Sunday, 21 June 2020

Review: Of memory and furniture by Bron Bateman

Before we go any further, this is one of the best titles that I have seen for a while: it resonates right through to the end. A killer blow.

Australian poet Bron Bateman's latest collection develops through 4 parts and is described as exploring "experiences of female embodiment, sexuality, and relationships with family, lovers and institutions...concerned with expressions of female sexuality in its myriad forms – heterosexual, lesbian, and experiences of non-normative sexuality – as well as issues of maternal subjectivity, mental health and abuse and, throughout, the role of memory in enabling healing."
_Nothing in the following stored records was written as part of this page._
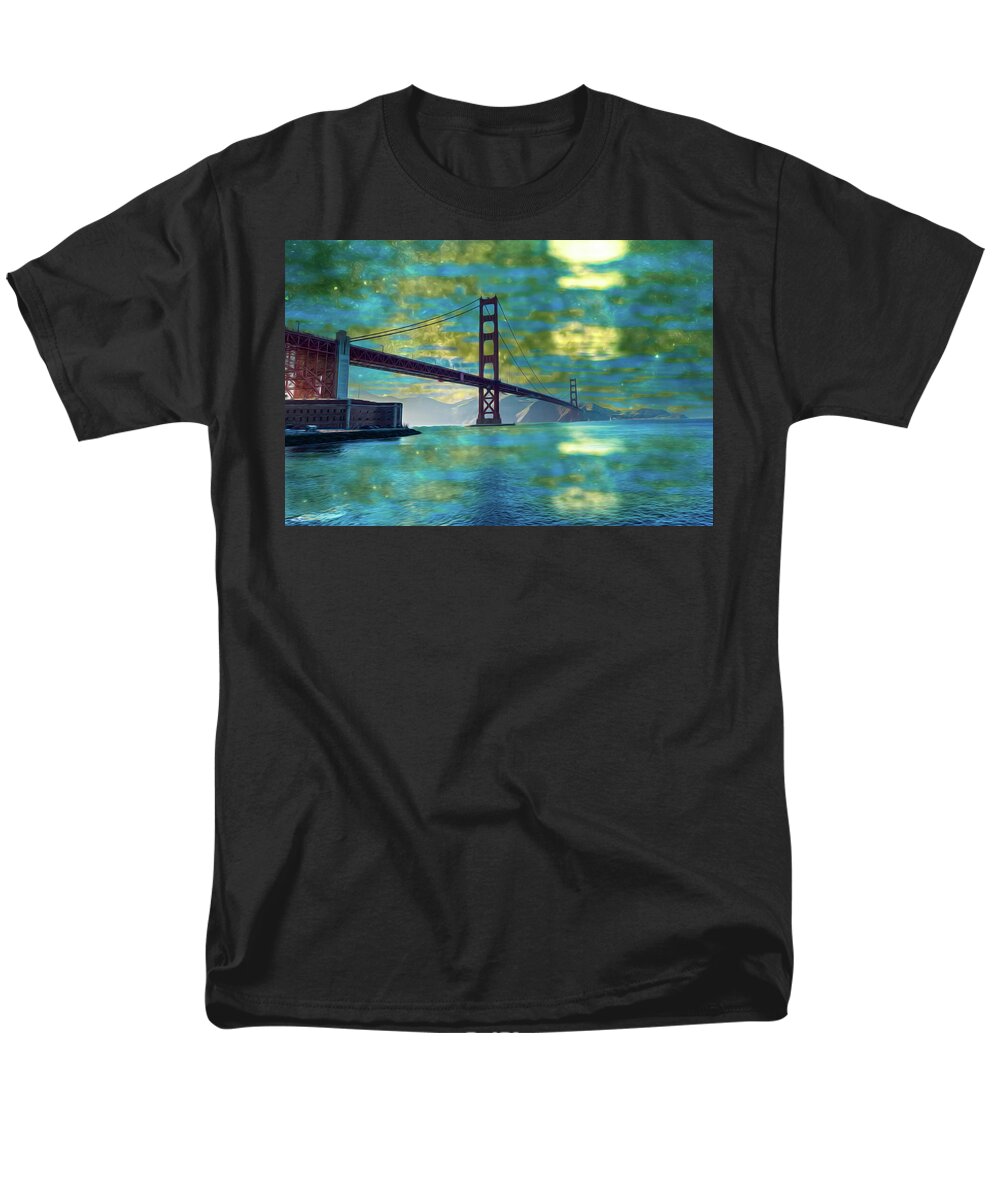 Golden Light on a Goldne day in the Golden Gate Bridge - Men's T-Shirt (Regular Fit)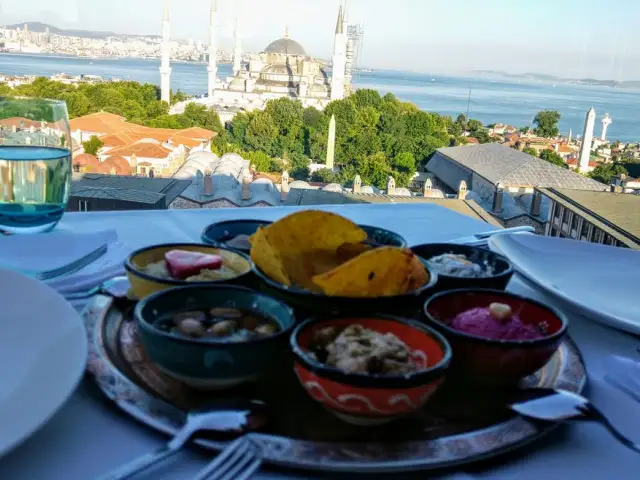 Fine Dine Istanbul'nin yemek ve ambiyans fotoğrafları 75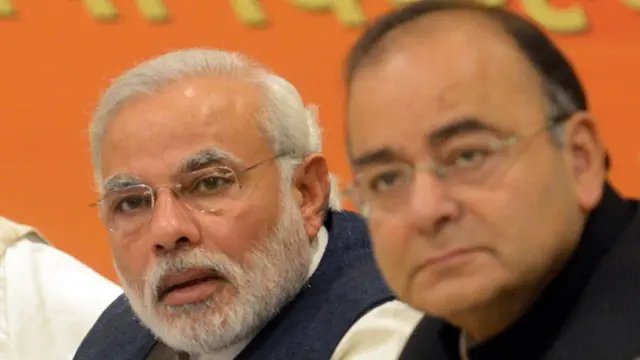 નાણાંપ્રધાન તથા વડાપ્રધાન મોદીની તસવીર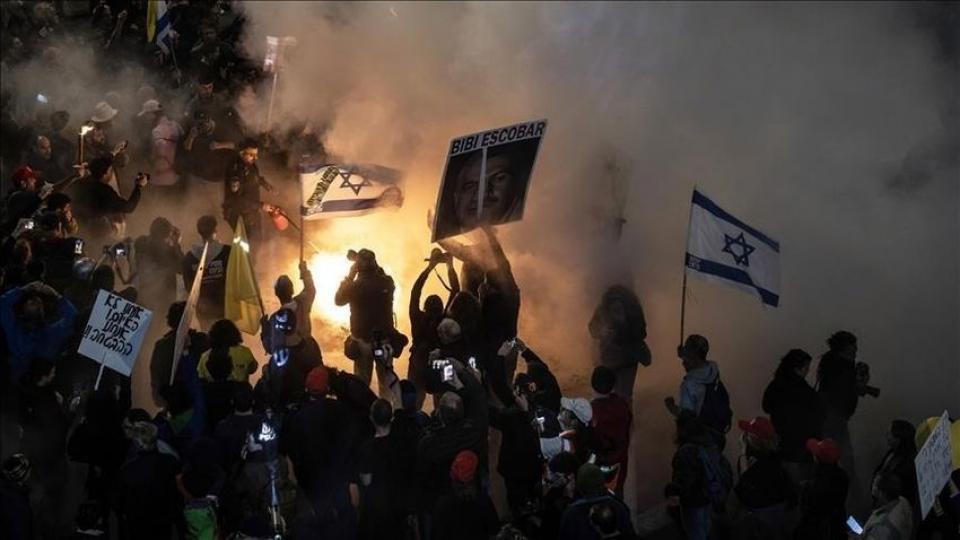 İsrail'de göstericiler, Netanyahu'nun partisi Likud'un merkezini bastı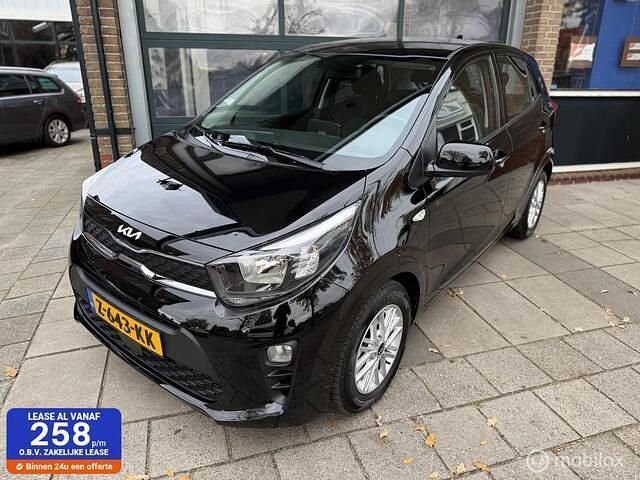 Zwart Occasion 2024 Kia Picanto Hatchback | € 15.925 (Eerlijke prijs) - Afbeelding 1/4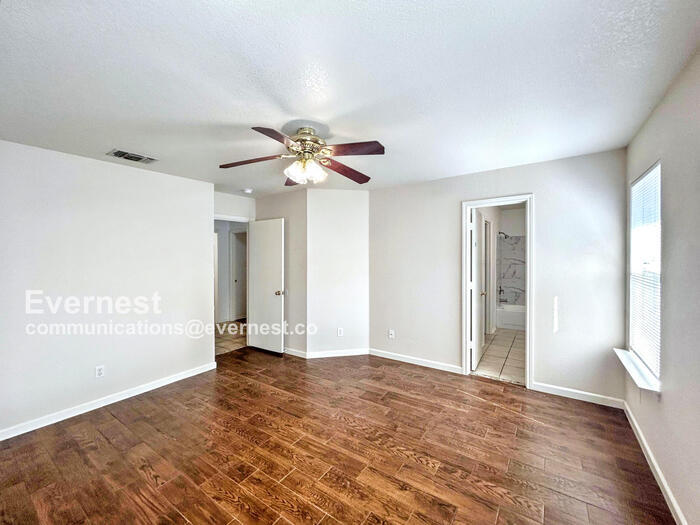 Building Photo - 2027 Mission Field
This is a collection that has a whole ecosystem of vividly realised friends, encounters and locations that ground and validate its often intense bodily and sexual language from the dedications to many of the poems in Part 1 to its lovers, family and transactions through to demeaning medical interventions. The poems' sequence is knitted together with motifs especially blood and piercings to the body. For adornment for example in the poem bars-

you could hang chandeliers from
these he says eyes half-closed
taking my right nipple between
his thumb...[]
I watch him redesign my body in his head.
we can pierce you here...

And pleasure - the intense Needle Play - to the painful self blame transfixing the sense of self in one of the brutal and self-healing concluding poems of part 4 Talisman:

be less serious not think I was a cut above use big words be so sensitive if I were special he would not have dared."

Everything that life throws at the poet in the end can be spoken and makes her voice and sense of self stronger. This is a collection that doesn't shrink from naming the casual diminishing sexism of institutions but also the power of healing available in situations that the poet's sensibility controls - even against what might appear to be the odds. For example in the poem Language

Either my blood, or my baby's.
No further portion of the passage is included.